Let us start off by defining what a home improvement loan is, then we will get into expectations vs. reality. Home improvement loans are generally short-term loans that are advanced for improvements to a residential property. They are generally used for remodeling, additions, maintenance, repairs, or structural improvements or parts.

Expectation:

You will receive the entire sum of money borrowed at one time.

Reality:

Generally home improvement loans are disbursed according to the work schedule. The lender may disburse 30% in the beginning of the project then disburse smaller increments that coincide with project milestones. Oftentimes, the lender will hold onto a small percentage of the loan until after the work is completed and the borrower confirms he or she is satisfied with the results.

Expectation:

Applying for a home improvement loan is similar to applying for a mortgage.

Reality:

Nope, not at all. A home improvement loan is very different from the mortgage process because lenders will want to see a thorough outline on how you plan to use the money. They will want to see at least one estimate, a detailed timeline for each milestone, and how much money is allocated to complete each step.

Expectation:

I cannot get a home improvement loan because I do not have enough equity in my home.

Reality:

The advantage of a home improvement loan is that borrowers can receive an unsecured loan while having insufficient equity, as long as the entire loan is used to improve the property.
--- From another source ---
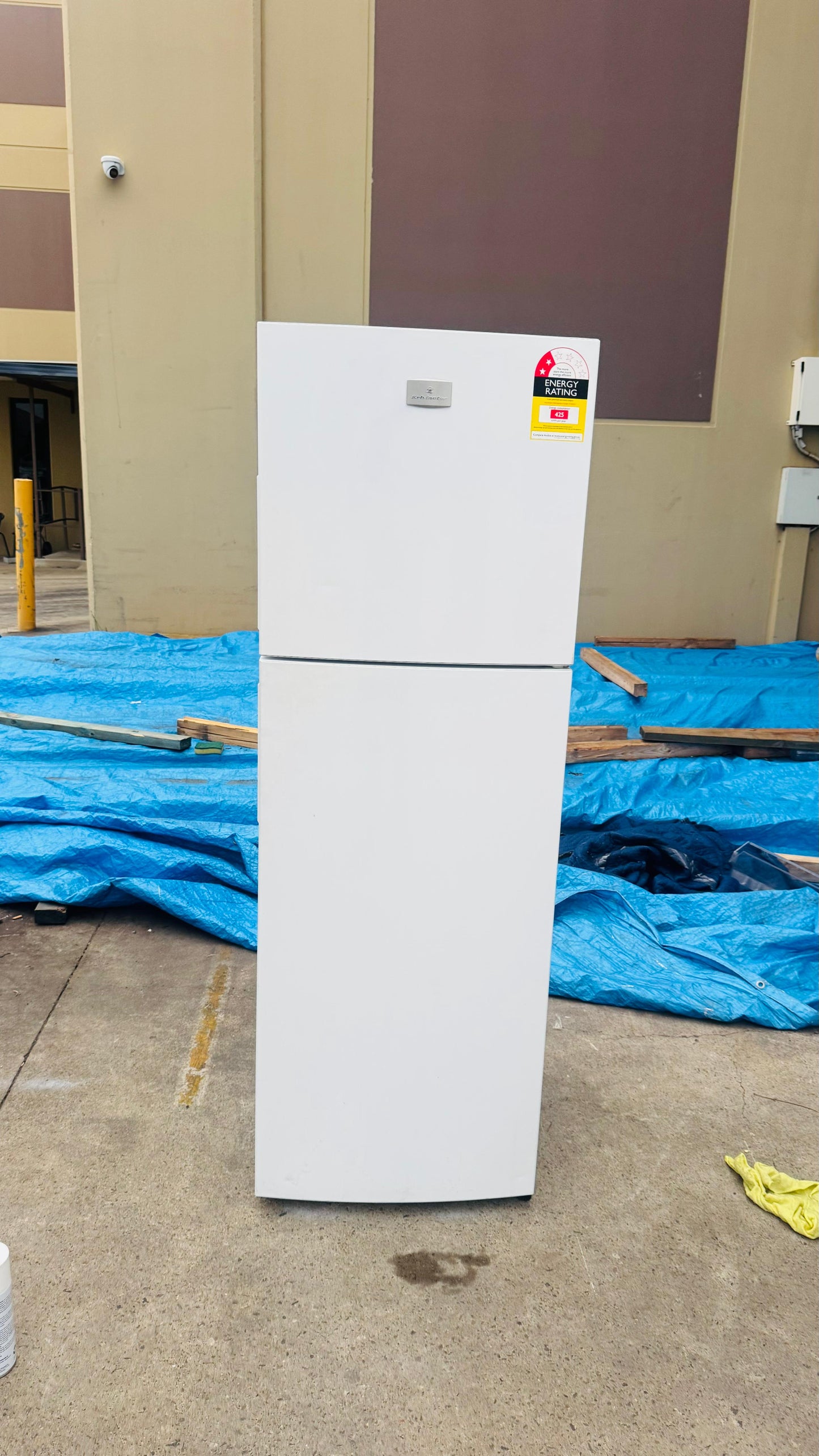 KELVINATOR 275 LITRES FRIDGE FREEZER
Hence, why lenders will want to see a thorough outline of how the money is spent. Typically, when a home does not have enough equity to qualify for a home loan, the borrower would take out a 2nd mortgage. The benefit to that is the low interest rate, but there are closing costs to consider. This is the disadvantage of a home improvement loan, because it is unsecured, the interest rates may be higher than a 2nd mortgage. However, the improvements to the property will most likely increase the fair market value (FMV), which is attractive to lenders.

Expectation:

A home improvement loan is the same as a home equity line of credit (HELOC).

Reality:

These are two very different loans, and they have very different requirements, terms, and rates. A HELOC is a line of credit that can be used at the borrower’s discretion. Thus, a borrower does not need to use the entire line of credit if they don’t need it, which can save them money on interest. Generally, HELOCs have lower interest rates which make them more attractive to borrowers. However, because a HELOC is a secured loan, to qualify, borrowers must have adequate equity in their home. A borrower can request a loan amount based on the home’s FMV, subtracting the first mortgage balance. Most lenders will approve a maximum HELOC of 80% of the FMV. Unlike a home improvement loan, another advantage of a HELOC loan is the borrower can use the money for any purpose desired.